会社は自己の判断により従業員の就業を禁止することができます。その場合、従業員に対して支払う賃金が問題となります。

従業員を就業禁止としたことの理由が、天災などの不可抗力のように会社に責任のない事由である場合は、会社は従業員に賃金を支払う義務を負いません。
また、不可抗力とまではいえないけれども会社の経営・管理上の障害のように会社に一定の責任しか認められないような場合には、会社は6割以上の休業手当の支払義務しか負いません。

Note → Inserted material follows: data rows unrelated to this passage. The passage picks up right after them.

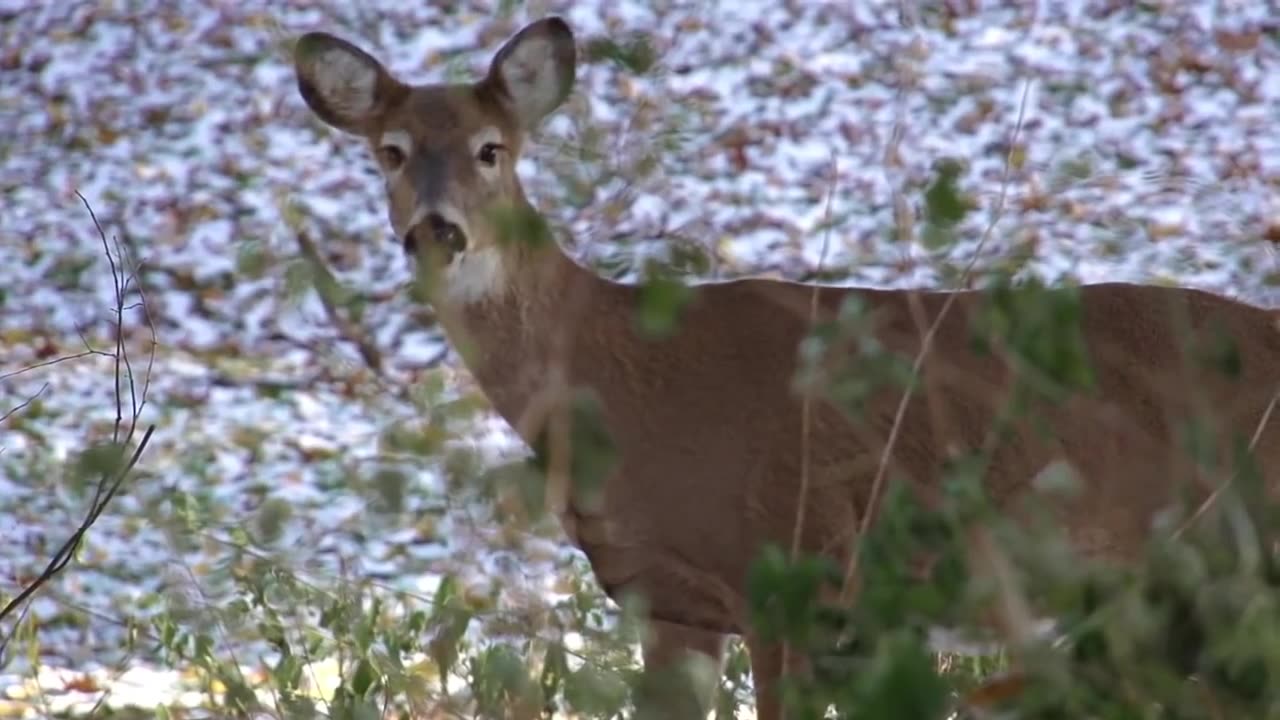 Deer Walking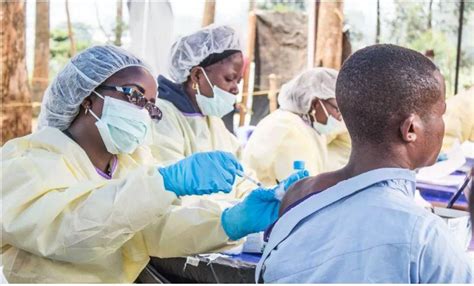 治疗埃博拉病毒感染药物研究新动态-观察-生物探索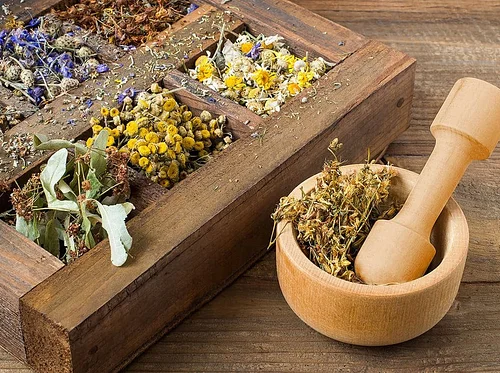 Intro to Herbalism with Claudia Nagy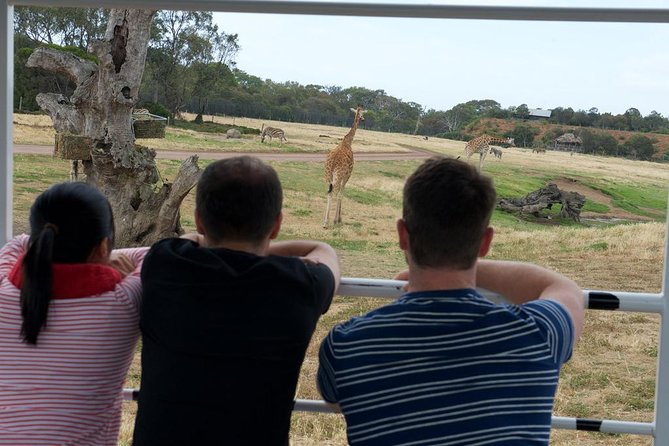 Deluxe Safari Adventure at Werribee Open Range Zoo - excl. entry - Weather, timing, and family fit for age 8+
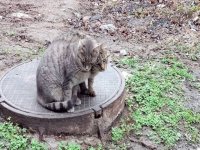 Котики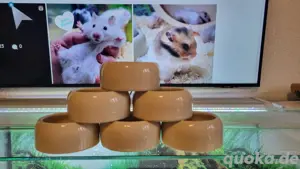 Nagarien und Zubehör für Hamster Bild 4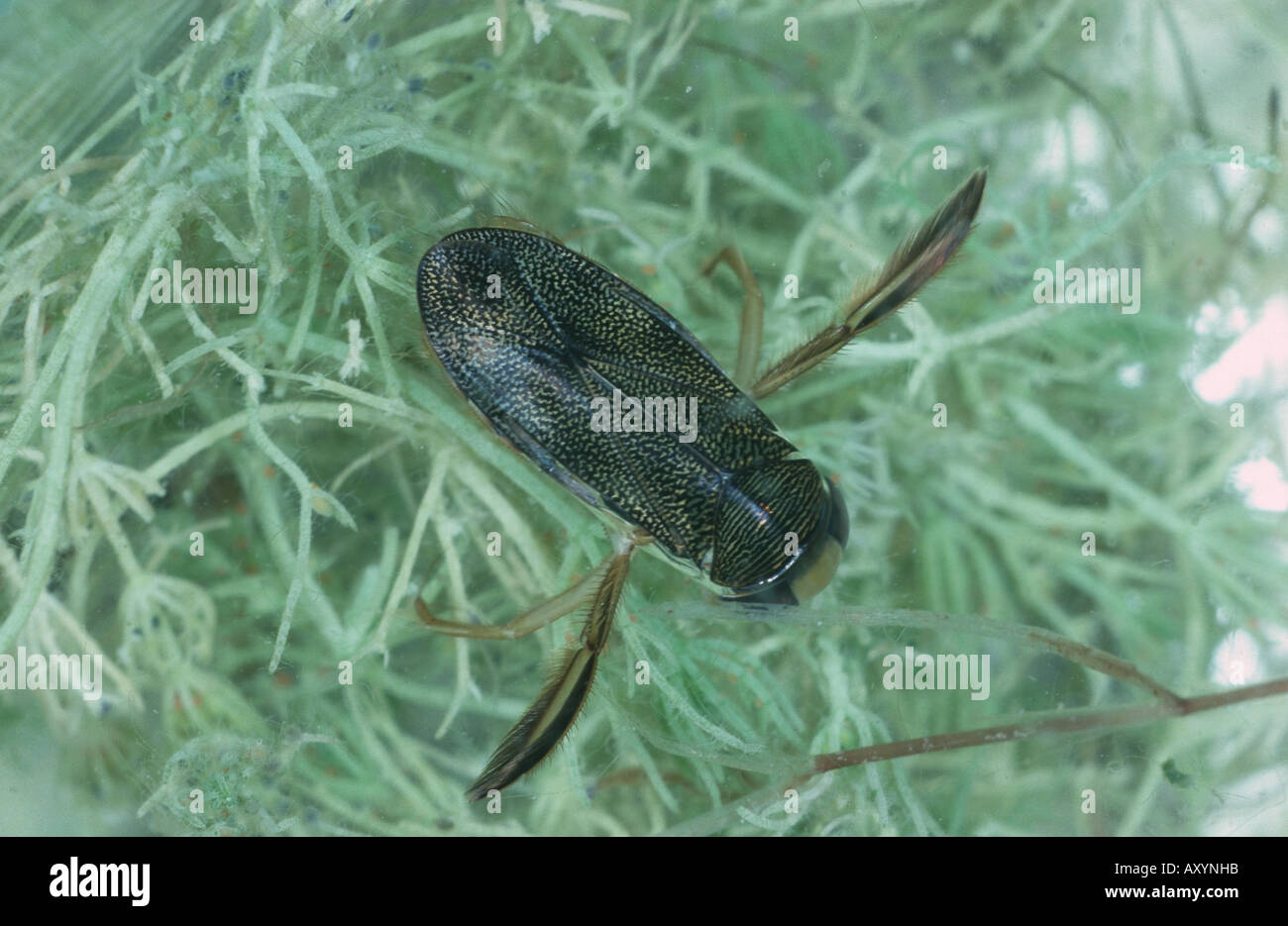 Fehler (Corixa Trommler) Stockfoto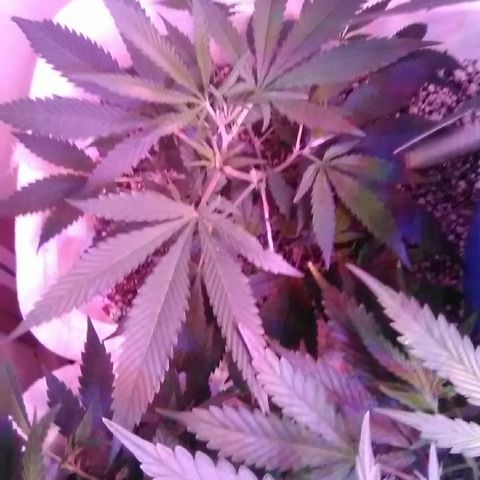 Grape growlog timeline photo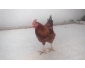 poule brahma et geant 3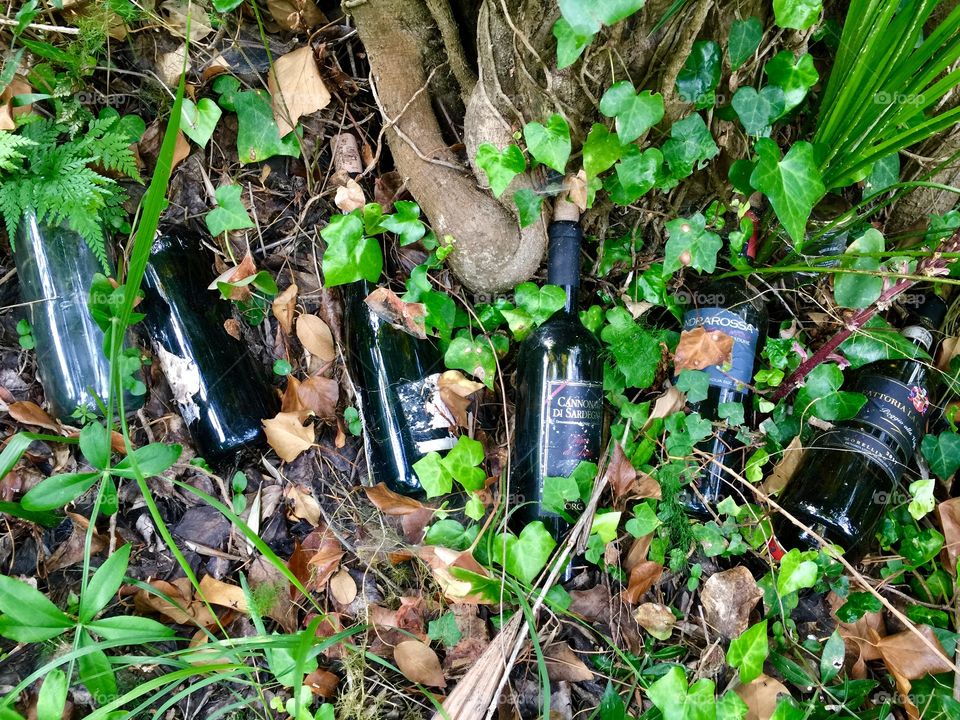 Hiking and wine go together when viewing nature’s wonders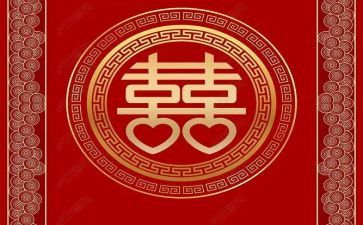 我最喜欢小猫的作文8篇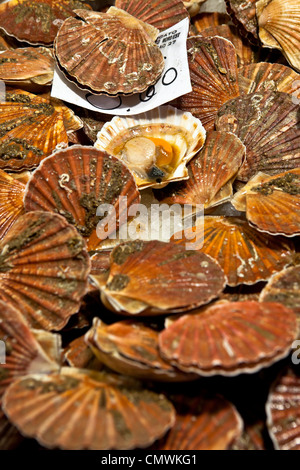 Le marché aux poissons, le Rialto, Venise, Vénétie, Italie Banque D'Images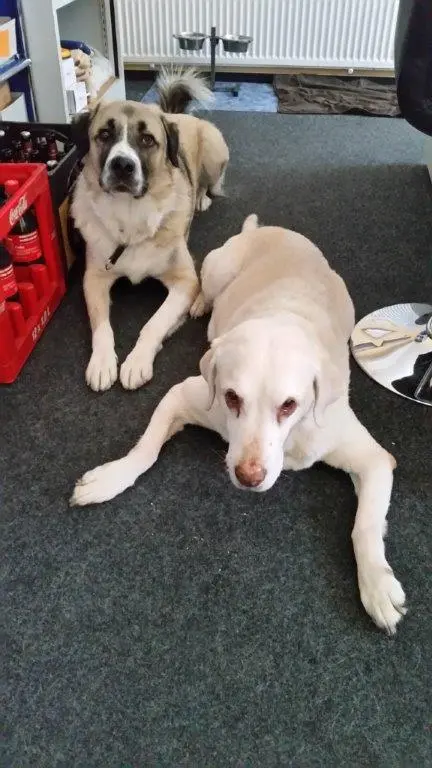 Condolence image of Michael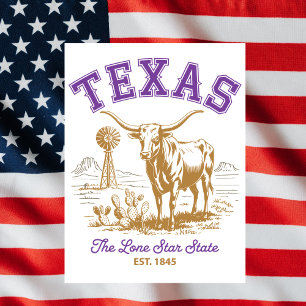 Texas Lone Star State Bull Illustration Travel Postcard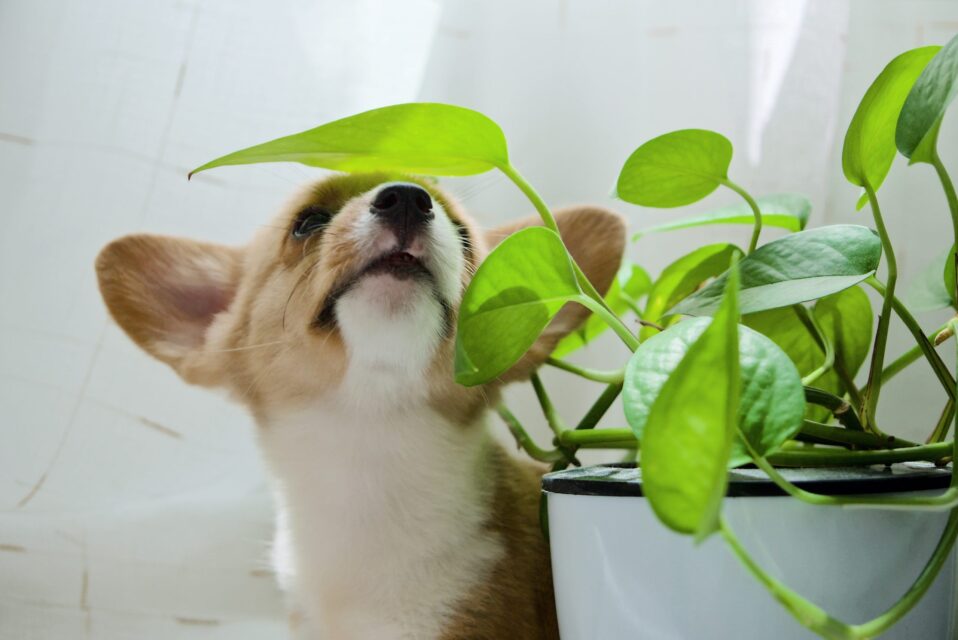 5 dicas para quem tem plantas e pets em casa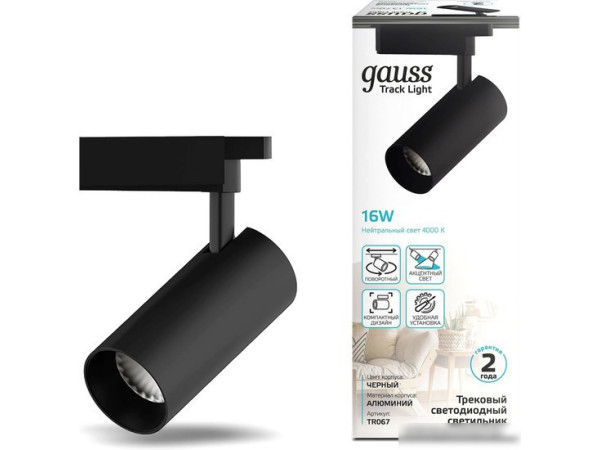 Трековый светильник Gauss TR067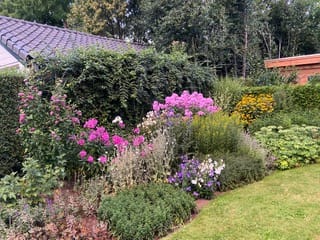 Foto 51 van Torenlaan 11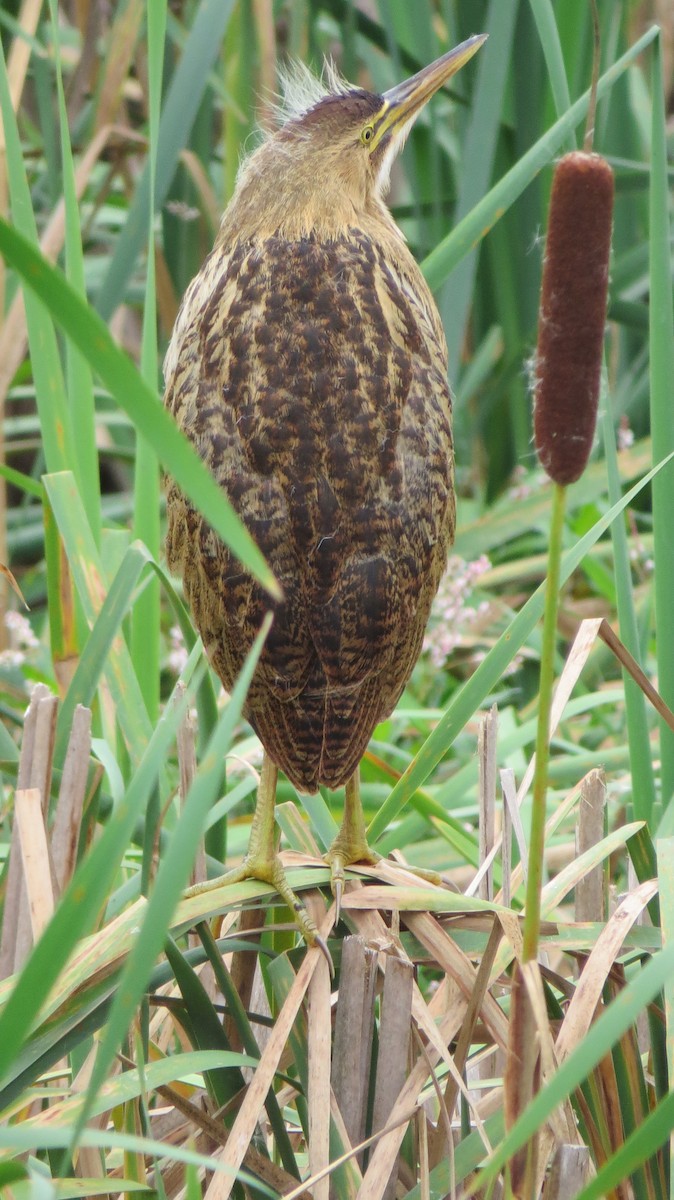 Amerika Balabanı - ML642484254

他方、従業員の就業禁止について、会社に責任が認められるような場合は、賃金を全額支払わなければなりません。

そこで、インフルエンザ感染による就業禁止がこれらのいずれに当たるのかを検討することになります。

鳥インフルエンザや新型インフルエンザのような感染力の強いインフルエンザに感染した患者に対しては、都道府県知事が飲食物の製造、販売、調製または取扱いの際に飲食物に直接接触する業務および接客業、その他の多数の者に接触する業務に就かないように通知を発することができるとされています。
したがって、この場合は、会社に責任のない事由による就業禁止であるため、賃金を支払う必要はありません。

また、通常のインフルエンザに罹患した場合や、鳥インフルエンザまたは新型インフルエンザに罹患したが、上記のような業務に就いていない場合であっても、医師から、本人の病勢や他の従業員への感染を考慮して、自宅療養をする必要があるとの指導がされている場合も、会社に責任のない事由による就業禁止であるため、賃金を支払う必要はありません。

新型インフルエンザや鳥インフルエンザに罹患した従業員であっても、医師による指導の範囲を超えて休業させる場合は、休業手当を支払う必要があります。

インフルエンザの症状が認められる従業員に対しては、医師への受診義務を命じられるようあらかじめ健康管理規程等に規定しておき、インフルエンザか否かを確定したうえで、医師の判断を仰ぎ、就業禁止とすべきか、また休業手当を支払うべきかを判断するとよいでしょう。